Nel sogno di un sistema avverso al passato in tutte le sue espressioni, Balla infonde nuovo alito di movimento alla vita anche attraverso la libertà e vivacità dell’ oggetto, «realizzato con tecniche da scenografo in legno dipinto, vetro, stoffa, carta stagnola, smalti industriali» quale elemento indispensabile di quel mondo ardito e gioioso, «coloratissimo e luminosissimo», magnifica ossessione dell’ ideologia futurista.
Ricercatore arguto e incontentabile evoluzionista («L’ artista dopo che ha lavorato deve sentirsi stanco, eccitato, qualche volta felice e quasi sempre insoddisfatto», diceva), Balla disegna arazzi e plafoniere, paralumi in vernice su pergamena e mobili da negozio, cassapanche e attaccapanni, ma anche tessuti, abiti, gilet, pullover, cravatte, papillon, borsette, sciarpe (una per la diva del muto Lyda Borelli), scialli, foulard, scarpe. Capi dinamici, illuminanti, volitivi, tutti «iridescenze entusiasmanti», stoffe fosforescenti, colori violenti, per liberare l’ umanità dal lutto di tonalità funerarie e dalla schiavitù di forme statiche e sacerdotali, come scrive nel volantino del 1914 battezzato Il vestito antineutrale. Laura Biagiotti, che di Balla ha messo insieme la collezione privata forse più importante d’ Italia, lo considerava uno dei grandi padri della moda italiana.
Ma nel suo progetto di ricostruzione futurista dell’ universo, come espresso nel Manifesto redatto nel 1915 insieme a Fortunato Depero, Giacomo Balla non lascia fuori nulla, neanche i giocattoli, ai quali viene addirittura dedicato il capitolo centrale.

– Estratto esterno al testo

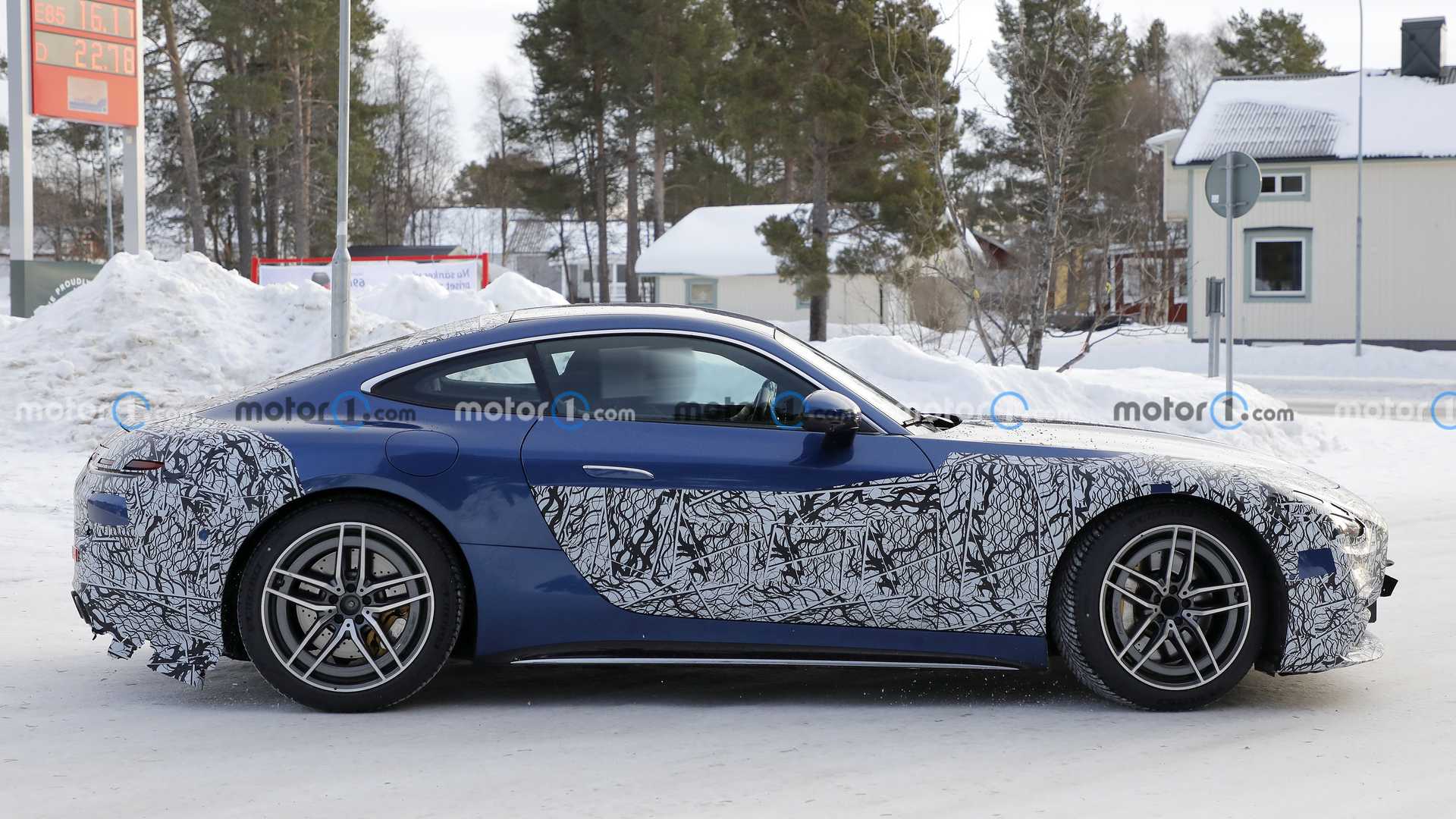 mercedes-amg-gt-side-view-facelift-spy-photo.jpg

Mica quelle «caricature cretine d’ oggetti domestici» destinate soltanto «a istupidire e ad avvilire il bambino», si legge, bensì «complessi plastici» animati da «trucchi esageratamente buffi», meraviglie pirotecniche, congegni in trasformazione per esaltare l’ elasticità, la sensibilità, l’ immaginazione, il coraggio.
«Giocattoli creati per divertire i bambini e anche gli adulti come indispensabile reazione alla tristezza del lavoro di fabbrica e risposta al fallimento delle utopie positive», aggiunge Andrea Branzi.
E continua: «Rappresentazione comica, farsa sulla modernità, i giocattoli futuristi sono il simbolo di quell’ irrazionalismo e di quel singolare pessimismo nati dalla sfiducia nel progresso lineare e dal conseguente tentativo di attivare energie eccentriche di cambiamento». In ogni modo possibile.